Allein der Begriff „erhöhter Betreuungsaufwand“ ist schon irreführend. Es geht an unseren Standorten nämlich schon lange nicht mehr um Betreuung, wenn das überhaupt jemals so war. Mag sein, dass es Menschen so empfinden, wenn sie über ihr Arbeitsleben nachdenken und merken, dass sich jemand währenddessen um ihr Kind kümmern sollte. Tatsächlich handelt es sich allerdings um Bildungsarbeit.

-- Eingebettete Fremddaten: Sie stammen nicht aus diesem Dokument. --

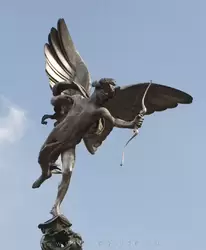 Скульптура Эроса на площади Пикадилли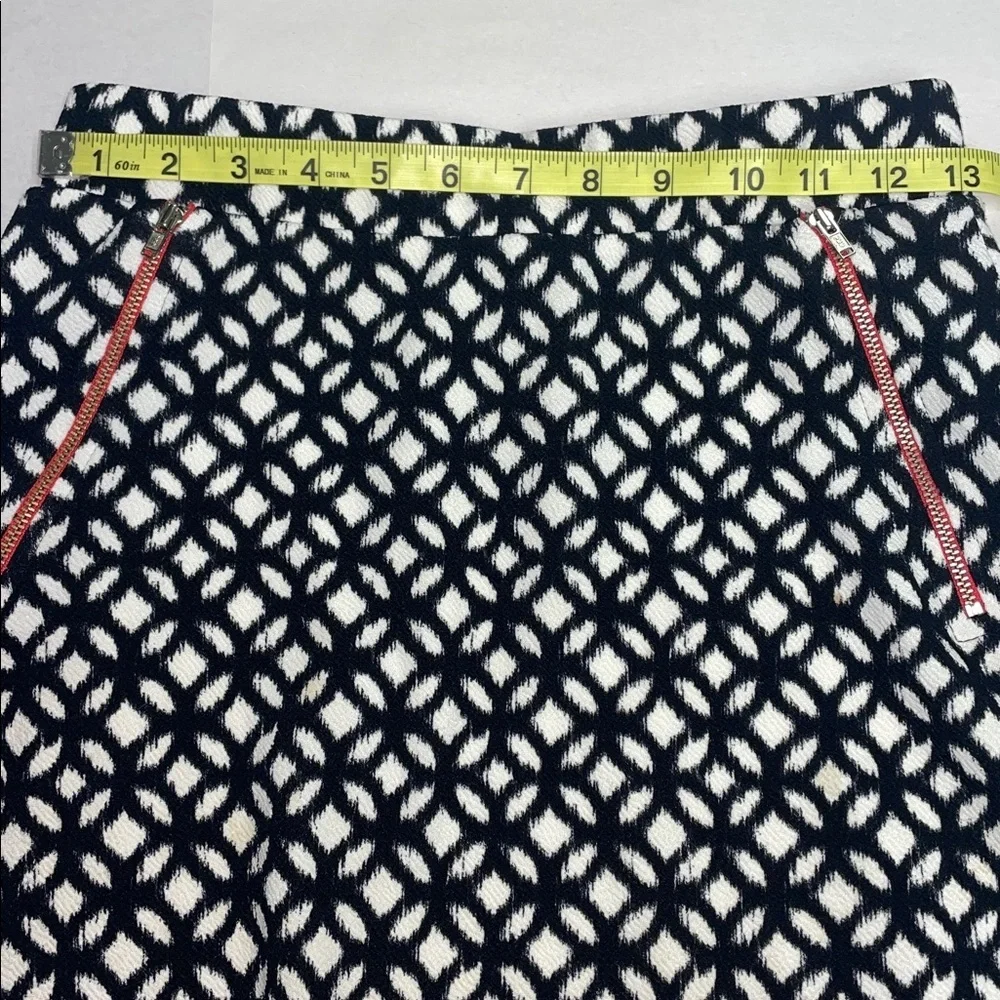 Anthropologie Le Lis Maura black & white geometric print A-line skirt.  Sz Small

Sonderpädagogik und Mobile Entwicklungsförderung: Expert*innen, die ausgebremst werden
Eben diese Bildungsarbeit zeigt schnell, wo die besonderen Bedürfnisse und Aufholerfordernisse für ein Kind liegen. Die Expert*innen der Mobilen Entwicklungsförderung können dann zu Rate gezogen werden, wenn es um die Einschätzung einer Situation, aber auch um die Umsetzung der erwünschten individuellen Entwicklungsbegleitung, Elterngespräche, interdisziplinäre Vernetzung intern und extern und die Schaffung eines entwicklungsfördernden Umfelds und Rahmens geht.
Expert*innen aus Psychologie, inklusiver Elementar- und Hortpädagogik, Physiotherapie und Sprachheilpädagogik bzw. Logopädie unterstützen die Standorte mit ihrer Fachkompetenz. Ihre Terminkalender sind voll und der Zeitdruck manchmal enorm. Oft geht es darum, Kinder „unterzubringen“, aber das garantiert noch nicht den individuell geeigneten Platz, denn der existiert oft nicht oder ist schon besetzt.
Es ist kaum möglich, allen Anfragen so schnell nachzukommen, wie man es möchte und gleichzeitig ist die oberste Prämisse, dem Kind die bestmöglichen Entwicklungschancen zu eröffnen, durch genaue Beobachtung, qualifizierte Einschätzung und individuelle Anpassung der Maßnahmen. Das alles immer in Kooperation mit der zuständigen Fachkraft und unter Rücksichtnahme auf deren Erfahrung, Ausbildungsstand und Ressourcen. Es versteht sich von selbst, dass das Zeit braucht, die der Personalstand aber nicht immer ausreichend zulässt.
Die Rechnung ist eine einfache. Die enormen Herausforderungen in den Gruppen spiegeln sich beim genauen Hinsehen auch im Referat Mobile Entwicklungsförderung. Auch dieser Bereich braucht personelle Ressourcen. Expert*innen fallen nicht vom Himmel und sie helfen die Qualität innerhalb der Institution auf einem hohen Level zu halten.
Kinder, die für ihre Chancengleichheit das Quäntchen mehr an Pädagogik brauchen, brauchen nicht nur einfach dringend einen Platz in einem Hort oder Kindergarten, sondern den für sie geeigneten Ort. Das braucht genügend Zeit für die Einschätzung und Begleitung durch die Mobile Entwicklungsförderung und das braucht die freien Plätze.